The 71st Emmy awards certainly allowed for speeches that ranged from milestones in representation to impactful calls to action – the ceremony went host-less for only the fourth time in history, giving the winners their rightful time in the spotlight, and as the night passed without major upset (save for Phoebe Waller-Bridge’s surprise win over Julia Louis Dreyfus to become only the second person ever to win for both acting and writing in the same year) an emphasis on tolerance, representation and diversity was rightfully allowed to shine through.
Tolerance and diversity were the main themes of Peter Dinklage’s acceptance speech after winning Outstanding Supporting Actor in a Drama Series for a record-breaking fourth time – before thanking the creators of Game of Thrones, the actor praised the Emmy voters and the wider arts community for being ‘nothing but all about tolerance and diversity’, adding that ‘no other place could I be standing on a stage like this.’ Dinklage’s highly commendable fourth win is a huge achievement for ability representation in mainstream entertainment, a small but important part of the lasting cultural legacy Game of Thrones is sure to leave.
Michelle Williams also used her acceptance speech for her work on Fosse/Verdon to make a moving and powerful statement on gender pay equality, especially poignant after a shocking pay discrepancy between her and All The Money In The World co-star Mark Wahlberg last year in which Wahlberg received an extra $1.5 million for the same ten days of work. She drew on her own experiences of inequality by thanking FX for paying her equally, asserting that ‘when you put value into a person, it empowers that person to get in touch with their own inherent value.’
However, in one of the most memorable speeches of the night Williams also acknowledged her status as a microcosm for issues of pay equality that all women still face in the workplace – ‘The next time a woman — and especially a woman of colour, because she stands to make 52 cents on the dollar compared to her white, male counterpart — tells you what she needs in order to do her job, listen to her. Believe her.’ Williams champions intersectional feminism here, using her voice to draw attention to the social hierarchy that still leaves women of colour marginalised and underrepresented not merely in Hollywood.
Finally, Billy Porter’s historic win for Pose should also be celebrated as a powerful marker of the slow but sure shift towards diverse and equal representation in television – Porter is the first openly gay black actor to win in his category of Outstanding Lead Actor in a Limited Drama Series. His emotional acceptance speech affirmed the power of representation in the arts to influence people’s ‘hearts and minds’ – ‘We as artists are the people that get to change the molecular structure of the hearts and minds of the people who live on this planet. Please don’t ever stop doing that. Please don’t ever stop telling the truth.’

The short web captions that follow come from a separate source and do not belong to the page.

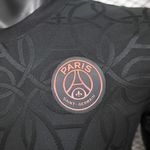 Camisa Paris Saint Germain III Edição Especial PSG Jogador 24/25 - Masculina - Preto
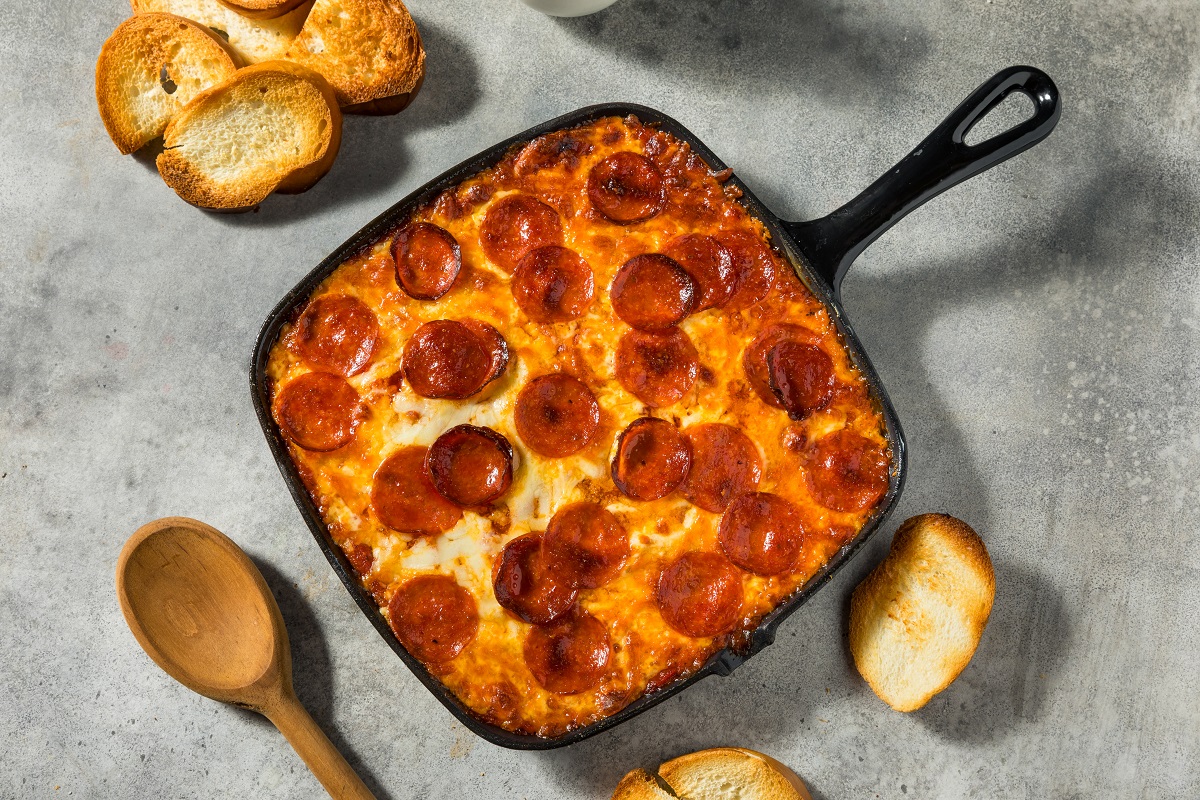 warm dips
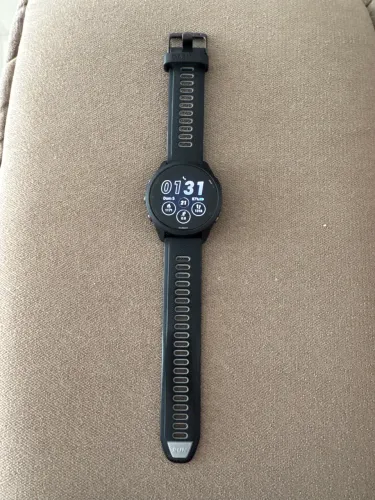 Relógio Garmin Forerunner 265music Com Monitor Cardíaco 46mm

The Emmys don’t always get it right – I will continue to be absolutely furious that BoJack Horseman’s ‘Free Churro’ somehow lost out this year to The Simpsons. But don’t be discouraged by the low ratings – this year’s ceremony should ultimately be celebrated for its milestones in representation and the platform it gives to raise awareness for global issues. If awards shows have any purpose besides making me angry over a cartoon horse and heightening Olivia Colman’s rightful status as an international treasure, it should be that one; to call us to action, to demand more, and to never stop telling the truth.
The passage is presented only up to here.